I do see the packages "sysv-rc" and "initscripts" in natty-proposed that have suspiciously similar version numbers to "sysvinit-utils."

I'll install both of these packages from natty-proposed and report back.

Revision history for this message
Steve Langasek (vorlon) wrote : Re: [Bug 616287] Re: umountfs doesn't cleanly unmount / on reboot

On Wed, Oct 26, 2011 at 10:46:56PM -0000, piwacet wrote:
> I think I'm confused about something. Neither Natty nor Natty-proposed
> seem to have a package "sysvinit," but they do have "sysvinit-utils."

sysvinit is the source package name.

> So from natty-proposed I installed the package sysvinit-utils_2.87dsf-
> 4ubuntu23.1_amd64.deb.

> This did not make the change from the diff to /etc/init.d/sendsigs, and
> it did not fix the original problem of orphaned inodes.

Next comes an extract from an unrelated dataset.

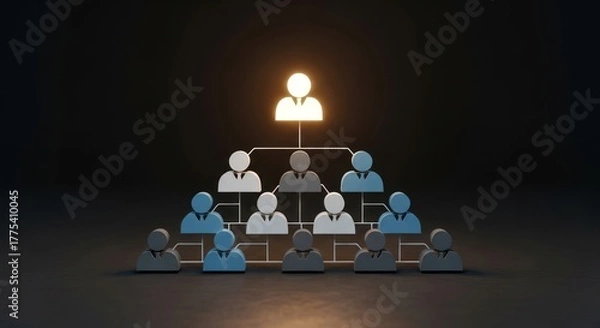Obraz Illuminated hierarchy of stylized human figures connected by lines.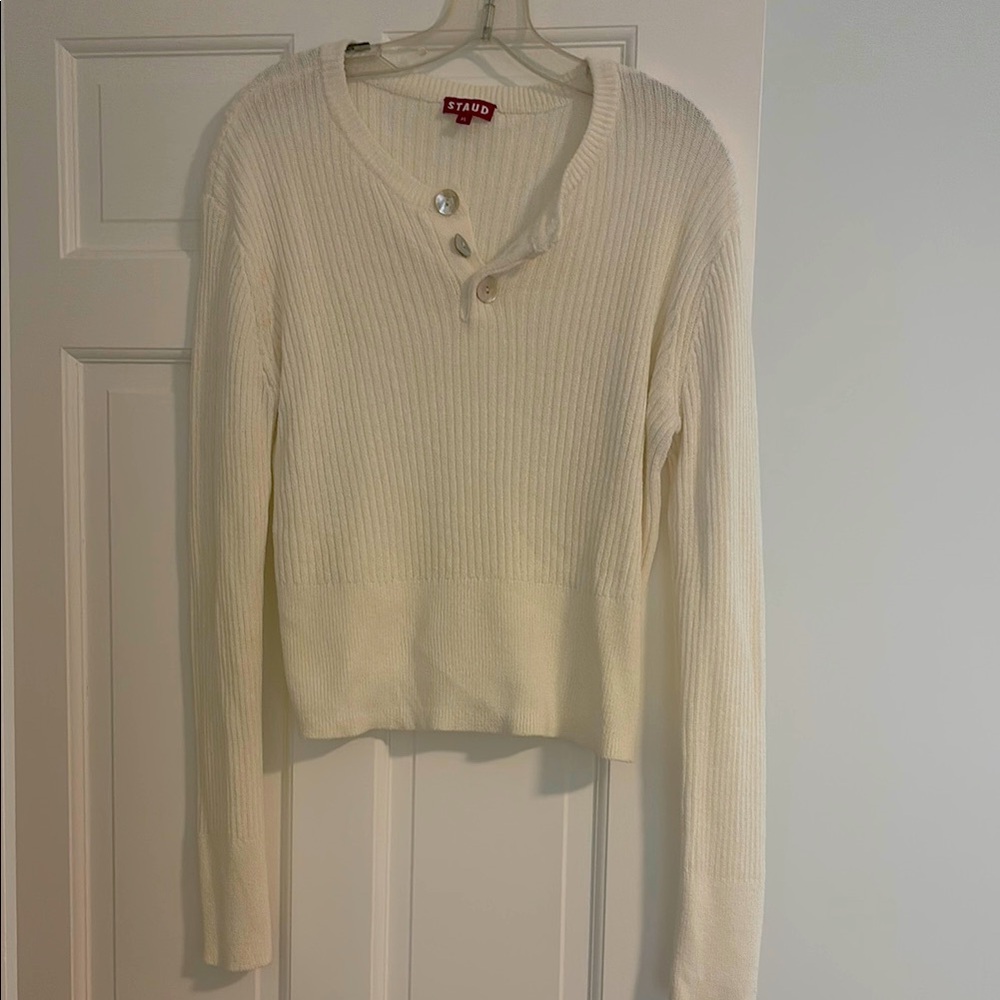 STAUD Ivory Knit Pullover XL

> I do see the packages "sysv-rc" and "initscripts" in natty-proposed that
> have suspiciously similar version numbers to "sysvinit-utils."

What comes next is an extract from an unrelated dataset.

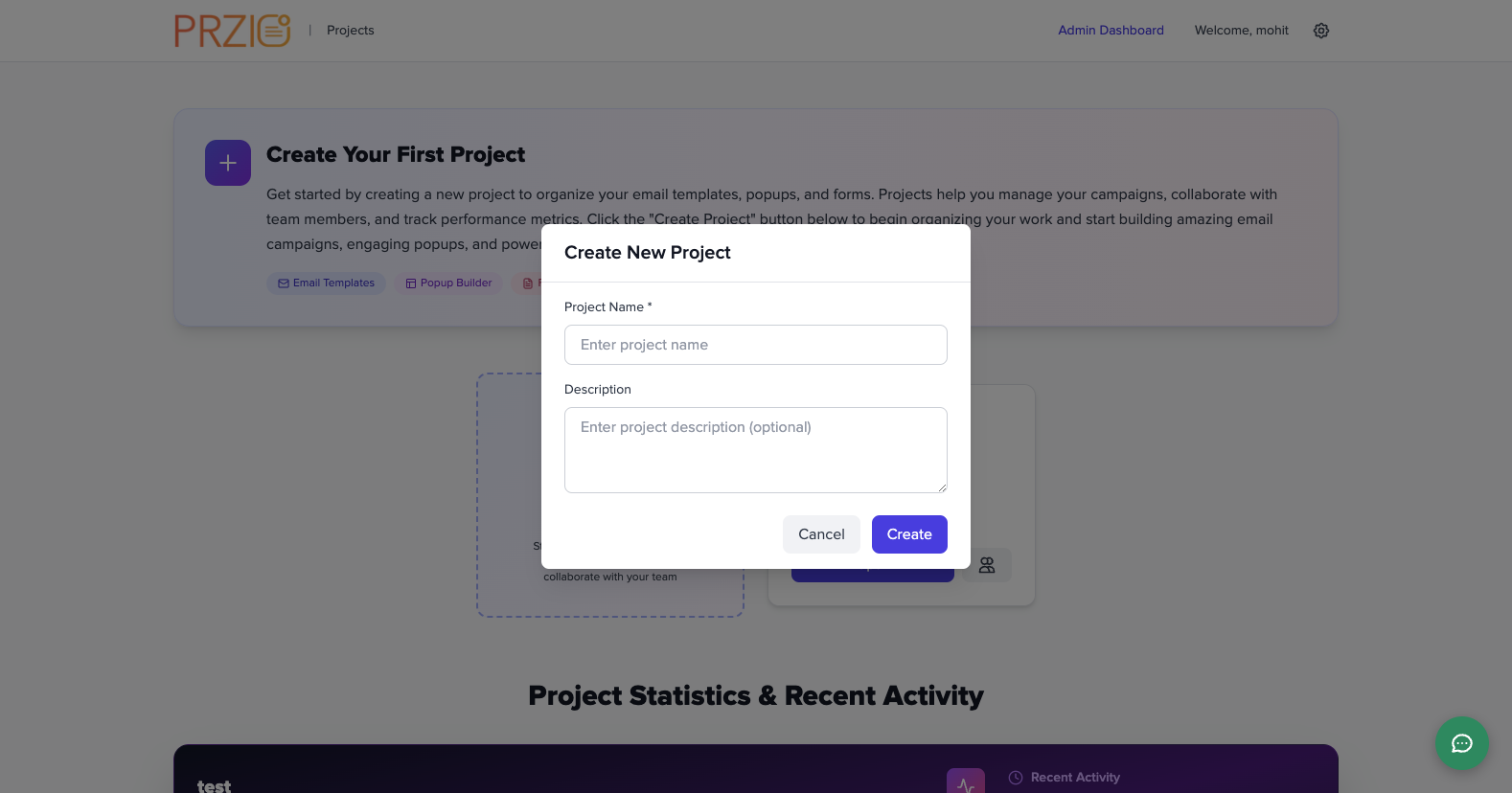 Create project modal opened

> I'll install both of these packages from natty-proposed and report back.

Yep, that's the right thing to do here.

--
Steve Langasek Give me a lever long enough and a Free OS
Debian Developer to set it on, and I can move the world.
Ubuntu Developer http://www.debian.org/
<email address hidden> <email address hidden>

Revision history for this message
piwacet (davrosmeglos) wrote :

OK. It's working.

I installed a fully up-to-date natty 64 bit desktop in both a virtualbox and on bare metal on my old macbook 2,1.

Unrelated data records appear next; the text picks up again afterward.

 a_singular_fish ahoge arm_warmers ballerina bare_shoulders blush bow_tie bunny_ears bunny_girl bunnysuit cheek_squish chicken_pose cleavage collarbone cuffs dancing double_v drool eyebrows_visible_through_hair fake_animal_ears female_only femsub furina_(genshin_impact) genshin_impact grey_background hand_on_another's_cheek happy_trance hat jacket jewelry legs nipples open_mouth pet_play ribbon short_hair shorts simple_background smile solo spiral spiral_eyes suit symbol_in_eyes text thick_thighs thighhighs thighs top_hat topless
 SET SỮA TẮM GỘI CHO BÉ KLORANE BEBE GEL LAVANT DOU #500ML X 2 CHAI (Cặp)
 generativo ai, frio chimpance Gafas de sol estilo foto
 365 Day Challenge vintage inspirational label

Again I verified that the procedure in comment #71 does in fact produce the problem with orphaned inodes.

From natty-proposed I installed these packages:

sysvinit-utils_2.87dsf-4ubuntu23.1_amd64.deb
sysv-rc_2.87dsf-4ubuntu23.1_all.deb
initscripts_2.87dsf-4ubuntu23.1_amd64.deb

This does make the changes to /etc/init.d/sendsigs from the patch, and it does fix the problem with orphaned inodes (tested on both the macbook and virtualbox)

I don't use these installations much, so I can not tell if these updates cause other unexpected problems.

Thanks!

Martin Pitt (pitti)
tags: added: verification-done
removed: verification-needed
Revision history for this message
Launchpad Janitor (janitor) wrote :

This bug was fixed in the package sysvinit - 2.87dsf-4ubuntu23.1

---------------
sysvinit (2.87dsf-4ubuntu23.1) natty-proposed; urgency=low

  * debian/initscripts/etc/init.d/sendsigs: Only omit jobs that
    are in the 'start' goal. Those that are destined for 'stop' are
    waited on and killed like all other processes. (LP: #616287) Thanks
    to Launchpad user "codewarrior".
 -- Bill Cahill <email address hidden> Tue, 13 Sep 2011 22:41:05 -0700

Changed in sysvinit (Ubuntu Natty):
status: Fix Committed → Fix Released
Revision history for this message
Clint Byrum (clint-fewbar) wrote :

Since this was already fixed in natty, and there are no other patches attached, unsubscribing ubuntu-sponsors.

Revision history for this message
JC Hulce (soaringsky) wrote :

This bug affects Ubuntu 10.10, Maverick Meerkat. Maverick has reached end-of-life and is no longer supported, so I am closing the bugtask for Maverick. Please upgrade to a newer version of Ubuntu.
More information here: https://lists.ubuntu.com/archives/ubuntu-announce/2012-April/000158.html

Changed in sysvinit (Ubuntu Maverick):
status: Triaged → Invalid
Revision history for this message
Alexander (lxandr) wrote :

Also affects quantal 12.10.
Please, see my comments here: https://bugs.launchpad.net/ubuntu/+source/linux/+bug/1073433

Alexander (lxandr)
tags: added: quantal
Revision history for this message
sghpunk (sgh-mail) wrote :

Affects quantal 12.04.
Seems like it is similar to this bug: https://bugs.launchpad.net/ubuntu/+source/linux/+bug/1073433

tags: added: precise
Revision history for this message
sghpunk (sgh-mail) wrote :

Affects precise 12.04.
Seems like it is similar to this bug: https://bugs.launchpad.net/ubuntu/+source/linux/+bug/1073433

Revision history for this message
Rolf Leggewie (r0lf) wrote :

lucid has seen the end of its life and is no longer receiving any updates. Marking the lucid task for this ticket as "Won't Fix".